Le terrible bilan du quinquennat Sarkozy par… Jean-François Copé

Publié à 11h17, le 21 août 2016 , Modifié à 12h07, le 21 août 2016

Le terrible bilan du quinquennat Sarkozy par… Jean-François Copé
Jean-François Copé et Nicolas Sarkozy. © THOMAS SAMSON / AFP

Nicolas Sarkozy va faire son premier meeting de candidat à Châteaurenard, là où Jean-François Copé faisait sa rentrée politique depuis 10 ans. Un coup de Trafalgar qui "amuse" le député-maire de Meaux autant que cela l’exaspère.

S’il est loin d’être un favori des sondages pour la primaire de la droite, l’ex-patron de l’UMP ne se voit qu’un seul rival, qu’un seul adversaire sur lequel taper aussi fort qu’un boxeur français aux JO de Rio : Nicolas Sarkozy.

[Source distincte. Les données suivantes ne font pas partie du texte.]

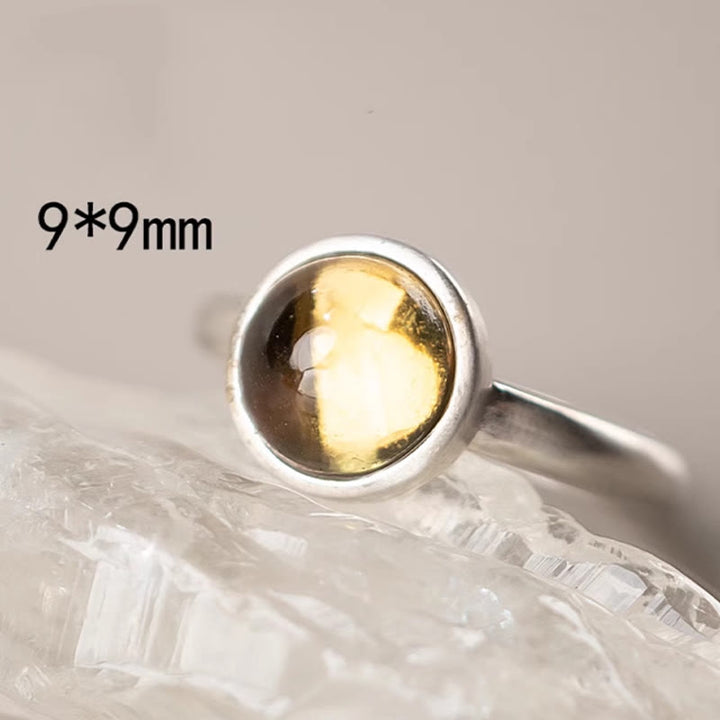 Bague ajustable en argent sterling 925 et citrine préhnite naturelle avec Buddha Stones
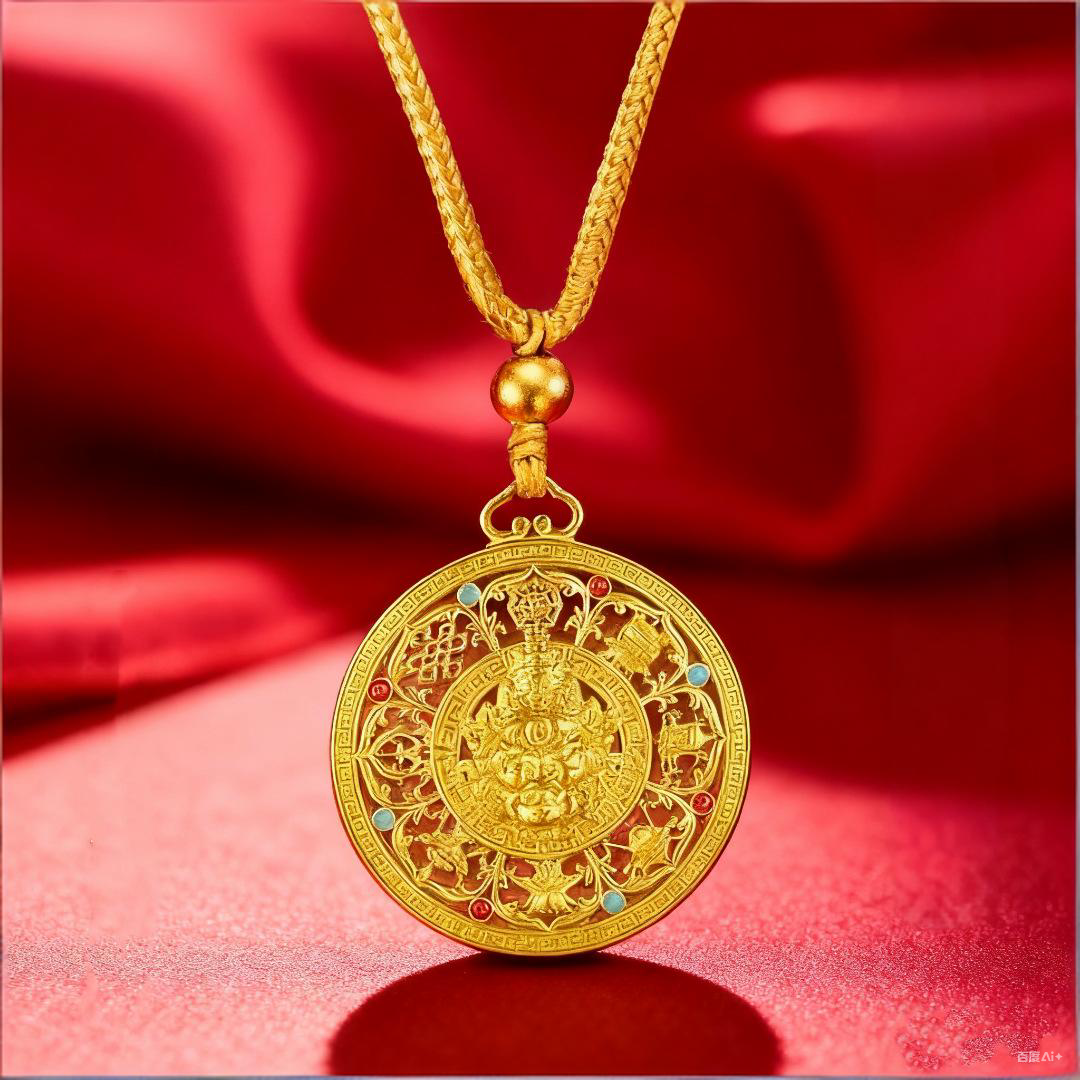 Golden Wealth Mandalas Keychain for Good Luck & Prosperity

Dans les Vosges, pour une réunion de campagne à la recherche des parrainages manquants de militants, Jean-François Copé se livre à un rude et terrible réquisitoire contre le quinquennat Sarkozy, comme le rapporte ce dimanche 21 août Le JDD. "Il avait tous les pouvoirs pour faire et il n’a pas fait", tance-t-il, avant de décliner l’ensemble des erreurs commises par l’ancien président. Sans filtre.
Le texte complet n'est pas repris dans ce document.